Tutorials: Project Manager

The project manager is designed to make it easy to submit scripts to your scheduler. For this example, let's assume you have a system of shell scripts that simulate the net change in an ideal reservoir over the last seven days, given a city and diameter of the reservoir.
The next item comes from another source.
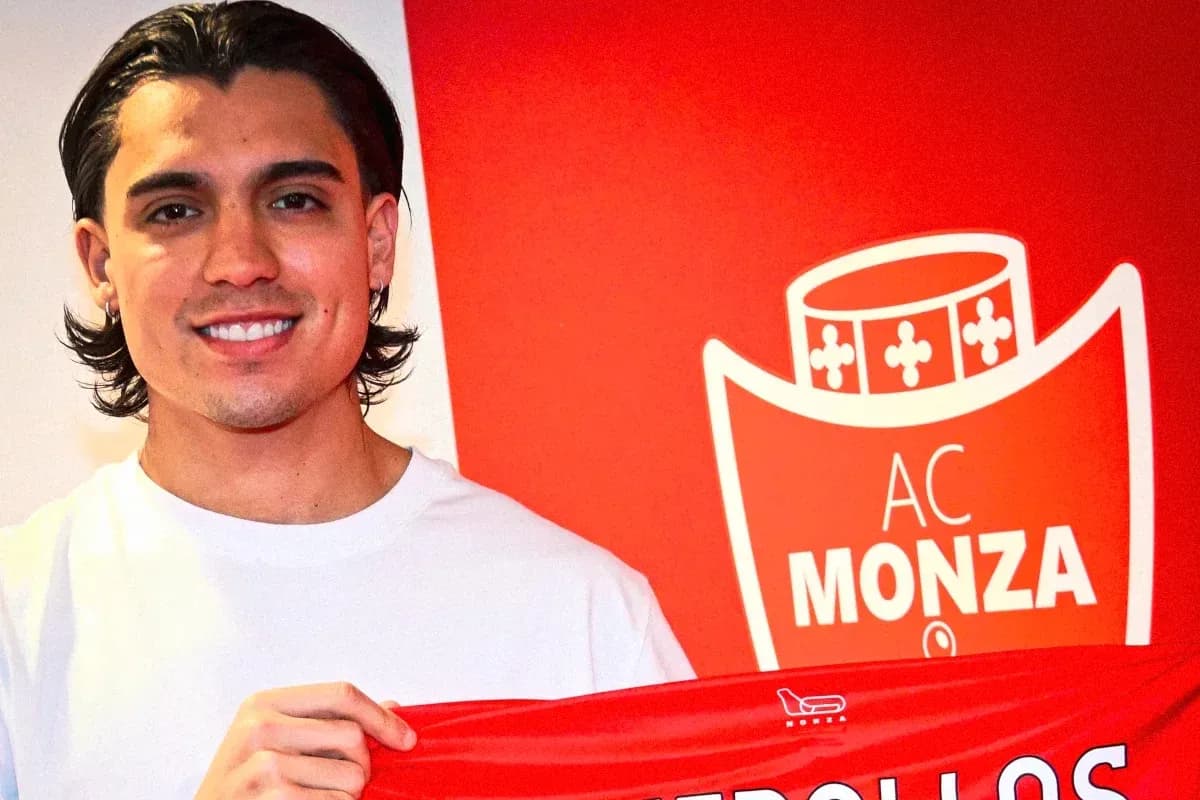 Jugador sosteniendo una bufanda de AC Monza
Assume these scripts currently exist on your local machine with the following structure:

demo_project/
├── scripts
│   ├── compute_volume.sh # USAGE: ./compute_volume.sh WEATHER_JSON DIAMETER -> NET_CHANGE
│   ├── geocode.sh        # USAGE: ./geocode.sh CITY -> LAT_LONG_JSON
│   └── import_weather.sh # USAGE: ./import_weather.sh LAT_LONG_JSON -> WEATHER_JSON
|
└── simulate_reservoir.sh # USAGE: ./simulate_reservoir.sh CITY DIAMETER -> NET_CHANGE

where simulate_reservoir.sh coordinates the smaller scripts as follows

#!/usr/bin/env bash
# Usage: ./simulate_reservoir.sh "City Name" DIAMETER_M
set -euo pipefail

CITY="$1"
DIAMETER_M="$2"
TMPDIR="$(mktemp -d)"
trap 'rm -rf "$TMPDIR"' EXIT

GEOCODE_JSON="$TMPDIR/geocode.json"
WEATHER_JSON="$TMPDIR/weather.json"

./scripts/geocode.sh "$CITY" > "$GEOCODE_JSON"

./scripts/import_weather.sh "$GEOCODE_JSON" > "$WEATHER_JSON"

./scripts/compute_volume.sh "$WEATHER_JSON" "$DIAMETER_M"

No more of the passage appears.